I’m very glad of being able to bring you this new Taekwondo Passion episode.
The main purpose from the start of the podcast was to bring you inspiration interviewing outstanding human beings involved in taekwondo.
And this interview can not be described in another way.
Victoria Stambaugh’s taekwondo journey has been amazing.
She qualified for the Tokyo Olympics last March, after a long career pursuing the Olympic dream. To achieve that Victoria has had to overcome countless injuries and 6 knee surgeries.
Victoria recently opened Believe Commit Achieve, an amazing Taekwondo and Parkour facility in The Woodlands, where people can learn the important qualities of discipline, self-control, mental toughness, and perseverance while gaining physical knowledge of movement mastery through Taekwondo and Parkour.
Victoria is compromised with the taekwondo community and with sharing her experience hoping to inspire others. She conducts 1-on-1 and group training sessions, leads seminars and gives motivational speeches.
She kindly talked with us about her career, what she has done to overcome injuries and surgeries, how she modified her approach to training prioritizing mental training, the importance of surrendering to the outcome, and how she’d like to see taekwondo competition after the lockdown.
Combat sports family tradition.
Victoria’s father and grandfather were professional boxers. So, as she grew up she learned basic aspects of boxing that later helped her in taekwondo, like footwork and head moves.
But Victoria’s family didn’t want her to participate in a sport as violent as boxing. So, first she started Karate and then looking for a place where she can be more competitive started in Olympic Taekwondo.
Victoria had a multisport youth, as is common in successful athletes. She played soccer, basketball and track. She decided to specialize in taekwondo when she realized that she could make big things there.
How to overcome injuries.
Victoria’s career has been constantly marked by injuries, so her will and spirit have been constantly challenged.
Is not easy to overcome one knee surgery, imagine how hard it has been to do it with six.
Her first big injury was when she was just before her first World Championships, in Copenhague.
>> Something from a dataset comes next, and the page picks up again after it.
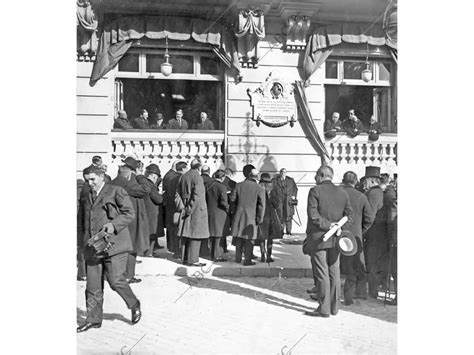 Descubrimiento De La Lápida Colocada En El Edificio De La Gran Peña Como Archivo Abc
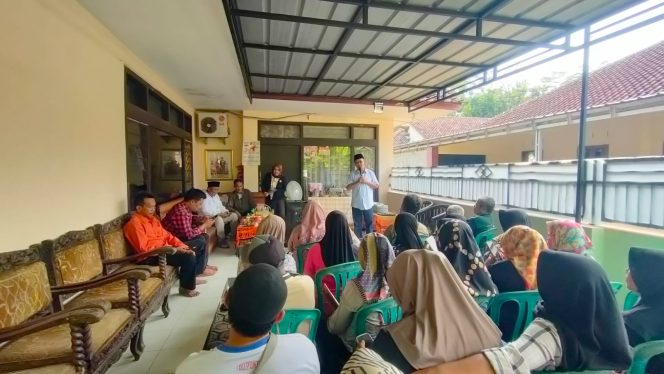 
					Poto: kedua bakal calon Saat sosialisasi bersama masyarakat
She hadn’t the obligation to compete injured, but she felt a big compromise to do it.
And even that she could barely walk she managed to have a very even match.
After that World Championships she had an Anterior Cruciate Ligament reconstruction in 2010. After it meniscus and ACL reconstruction in 2012, two reconstruction ACL surgeries in 2013, and two meniscectomies in 2018 and 2019.
While she was asleep on her last surgery, after the Lima 2019 Pan Am Games, the doctor realized that Victoria’s knee was worse than what he expected. Talked with her parents and together decided to do what was the best for her.
That resulted in taking out a big part of the meniscus, leaving her knee with only 20 to 30 percent of it. When she woke up after surgery, and she was told the outcome she couldn’t believe it.
She thought that all of her abilities had been taken from her.
Victoria thought it would be impossible to make it to the Olympics in that way. But she did it. How? She shared it with us in the most beautiful part of the interview.
Surrender the outcome
Victoria thought that she was done, thinking of competing again sounded crazy for her, she doubted that she could ever be an athletic person.
The only reason why she continued was that she surrendered to Christ and prayed. She said “If this is gonna happen, it’s gonna be because of you. I’m mentally and physically exhausted, I can go on anymore unless you open the doors for me”.